The brain can become addicted to sugar before any other organs because the neurons, or the brain cells, are unable to burn fat as a source of energy, unlike the muscles. The brain is, therefore, highly dependent on a normal blood sugar concentration, which is easily replenished through additional sugar intake contained in sweets. So what is the problem, after all? If sugar is such a perfect and easy source of energy, why aren’t we able to survive on sweets and forget about meat or vegetables? Although sugar and other carbohydrates are an important component of your diet, your body also needs protein and fatty acids.
Sugar is a great source of energy only when its concentration in the bloodstream is within a normal range. A lower blood sugar can cause neurological problems since the brain is not able to function optimally without a steady supply of sugar. A high blood sugar results in an excessive stimulation of the pancreas to produce more insulin, which can lead to diabetes. Moreover, the excessive sugar is rapidly converted to fat, which may result in obesity and type 2 diabetes.
Eating sweets on a regular basis is therefore not a good habit at all, and it should be replaced with healthier dietary habits. Fortunately, not all carbohydrates are bad. In fact, the carbohydrates that are found in oatmeal, legumes and vegetables are substantially healthier than pure sugar because they are slowly digested nutritional components. In other words, after digestion, the carbohydrates contained in brown rice or sweet potatoes will also convert into glucose (sugar), which is the basic building block of all complex carbohydrates, but the transformation and sugar absorption is gradual and gentle. It allows a steady assimilation of sugar released from the digested complex carbohydrates rather than an abrupt absorption of enormous amounts of pure sugar.
It’s important to try to replace sweets (candies, cakes, cookies) with starchy carbs like sweet potatoes, oatmeal, brown rice and whole wheat bread. These foods have a low glycemic index (GI), which is a parameter that measures the speed at which a given food can cause an increase in blood glucose levels. They also contain dietary fiber, which further slows down the conversion of starch and complex carbs into sugar. This substitution may not sound too exciting for you initially, but your body will soon adapt to the usage of healthier carbs and “forget” about those intense sugar cravings.

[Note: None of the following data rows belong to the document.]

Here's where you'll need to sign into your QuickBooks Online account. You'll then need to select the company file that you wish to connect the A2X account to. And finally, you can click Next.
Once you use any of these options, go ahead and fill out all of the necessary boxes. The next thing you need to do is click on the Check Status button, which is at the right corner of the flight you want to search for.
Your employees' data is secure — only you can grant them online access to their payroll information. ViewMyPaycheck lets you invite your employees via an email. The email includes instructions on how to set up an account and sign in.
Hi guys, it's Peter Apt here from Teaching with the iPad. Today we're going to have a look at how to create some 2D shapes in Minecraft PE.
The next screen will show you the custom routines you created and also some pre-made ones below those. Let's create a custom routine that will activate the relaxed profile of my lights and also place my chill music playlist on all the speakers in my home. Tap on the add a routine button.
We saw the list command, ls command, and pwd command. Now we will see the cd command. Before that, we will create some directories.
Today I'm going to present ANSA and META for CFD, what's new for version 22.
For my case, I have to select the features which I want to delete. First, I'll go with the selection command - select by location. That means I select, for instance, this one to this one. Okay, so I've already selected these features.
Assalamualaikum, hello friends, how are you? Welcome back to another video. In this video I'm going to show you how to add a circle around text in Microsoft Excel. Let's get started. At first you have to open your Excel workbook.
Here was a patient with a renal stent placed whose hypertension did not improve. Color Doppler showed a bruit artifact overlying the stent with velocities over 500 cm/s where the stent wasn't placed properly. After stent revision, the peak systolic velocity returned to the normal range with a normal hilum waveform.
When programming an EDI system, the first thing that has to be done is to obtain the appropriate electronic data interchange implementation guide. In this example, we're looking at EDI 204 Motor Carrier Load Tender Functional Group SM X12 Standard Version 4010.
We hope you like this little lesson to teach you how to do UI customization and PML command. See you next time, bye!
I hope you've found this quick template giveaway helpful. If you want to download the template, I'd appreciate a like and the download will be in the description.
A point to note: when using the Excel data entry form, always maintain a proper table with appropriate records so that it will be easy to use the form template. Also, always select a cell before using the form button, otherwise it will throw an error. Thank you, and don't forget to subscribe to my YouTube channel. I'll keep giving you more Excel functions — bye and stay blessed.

Instead of devouring a piece of cake, chocolate or other tempting sugar snacks, enjoy a colorful and tasty fruit salad. Remember that fructose, also known as fruit sugar, is stored in the liver which can only hold around 50-100 grams of glycogen. Once you fill this up, it spills over and gets converted into fat and stored as adipose tissue (body fat). So remember that even though fruit is very healthy and is great for a sweet snack, it’s not a green light to eat unlimited amounts of it. Have a few pieces of fruit early in the morning and if needed, include another piece at night when your sweet tooth rears its ugly head.
Once you are able to reduce you consumption of empty calorie and highly refined sweets, gradually incorporate low sugar fruits and other healthy carbs for a complete transition to a clean diet that is recommended by physicians and dietitians. Reducing your consumption of regular soda and replacing it with diet soda is also a useful habit. Chewing gum is another way to reduce food cravings in general, and sugar cravings specifically, since it simulates the initial stages of food digestion through chewing and salivation. Make sure to also maintain a proper intake of lean protein by adding fish, lean meats, nuts and eggs to your diet which really helps with satiety.